**EXERCISE**
Look through the records below, and whenever a line contains "Black", copy it.

(MATERIAL TO PROCESS)

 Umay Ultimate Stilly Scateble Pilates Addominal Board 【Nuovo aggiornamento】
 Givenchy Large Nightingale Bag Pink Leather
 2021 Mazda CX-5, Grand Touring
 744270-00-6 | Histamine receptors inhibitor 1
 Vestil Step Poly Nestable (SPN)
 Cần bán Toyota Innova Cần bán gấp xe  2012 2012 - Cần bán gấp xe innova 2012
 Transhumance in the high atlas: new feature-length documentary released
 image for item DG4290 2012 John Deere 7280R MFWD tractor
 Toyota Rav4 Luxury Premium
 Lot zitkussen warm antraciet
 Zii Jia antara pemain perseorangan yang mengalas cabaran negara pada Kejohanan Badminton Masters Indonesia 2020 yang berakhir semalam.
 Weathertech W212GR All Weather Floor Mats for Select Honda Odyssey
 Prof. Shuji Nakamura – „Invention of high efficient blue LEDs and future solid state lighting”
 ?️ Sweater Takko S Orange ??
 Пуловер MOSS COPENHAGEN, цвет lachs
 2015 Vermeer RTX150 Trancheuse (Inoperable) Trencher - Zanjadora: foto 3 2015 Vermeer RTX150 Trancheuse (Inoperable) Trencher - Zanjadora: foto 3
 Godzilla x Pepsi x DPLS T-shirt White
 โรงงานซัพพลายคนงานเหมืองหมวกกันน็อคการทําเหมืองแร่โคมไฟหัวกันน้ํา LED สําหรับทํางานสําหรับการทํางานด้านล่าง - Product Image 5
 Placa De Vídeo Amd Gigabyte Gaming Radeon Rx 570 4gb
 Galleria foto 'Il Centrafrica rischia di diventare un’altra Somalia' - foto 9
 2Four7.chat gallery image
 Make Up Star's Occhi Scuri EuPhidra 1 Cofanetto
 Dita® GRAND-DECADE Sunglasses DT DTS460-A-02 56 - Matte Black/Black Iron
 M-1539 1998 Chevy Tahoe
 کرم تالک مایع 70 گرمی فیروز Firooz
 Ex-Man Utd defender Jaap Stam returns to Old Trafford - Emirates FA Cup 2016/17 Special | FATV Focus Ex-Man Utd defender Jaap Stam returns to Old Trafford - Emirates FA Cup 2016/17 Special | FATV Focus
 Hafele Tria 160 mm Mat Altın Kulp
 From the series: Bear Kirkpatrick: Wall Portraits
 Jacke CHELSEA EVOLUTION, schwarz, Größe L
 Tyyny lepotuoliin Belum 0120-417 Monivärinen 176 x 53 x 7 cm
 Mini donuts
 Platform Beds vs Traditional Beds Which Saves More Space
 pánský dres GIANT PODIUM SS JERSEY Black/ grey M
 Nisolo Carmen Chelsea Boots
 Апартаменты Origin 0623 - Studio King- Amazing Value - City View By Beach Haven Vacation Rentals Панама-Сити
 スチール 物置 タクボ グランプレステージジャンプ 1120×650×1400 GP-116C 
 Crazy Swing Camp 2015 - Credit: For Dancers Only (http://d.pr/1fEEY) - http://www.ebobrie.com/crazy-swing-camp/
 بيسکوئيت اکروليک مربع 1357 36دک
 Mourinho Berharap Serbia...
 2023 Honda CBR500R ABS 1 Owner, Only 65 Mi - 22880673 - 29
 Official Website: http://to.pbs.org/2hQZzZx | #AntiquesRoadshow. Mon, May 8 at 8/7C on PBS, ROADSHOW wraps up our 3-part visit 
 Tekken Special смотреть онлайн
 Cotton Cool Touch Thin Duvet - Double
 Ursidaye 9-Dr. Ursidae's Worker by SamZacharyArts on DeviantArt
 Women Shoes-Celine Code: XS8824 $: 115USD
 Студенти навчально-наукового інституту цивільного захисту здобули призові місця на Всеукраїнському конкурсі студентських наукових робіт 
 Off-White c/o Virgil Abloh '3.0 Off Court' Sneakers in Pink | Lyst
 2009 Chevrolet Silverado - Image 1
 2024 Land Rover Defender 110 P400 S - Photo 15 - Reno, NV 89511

(End MATERIAL TO PROCESS)

**RESPONSE**
 Dita® GRAND-DECADE Sunglasses DT DTS460-A-02 56 - Matte Black/Black Iron
 pánský dres GIANT PODIUM SS JERSEY Black/ grey M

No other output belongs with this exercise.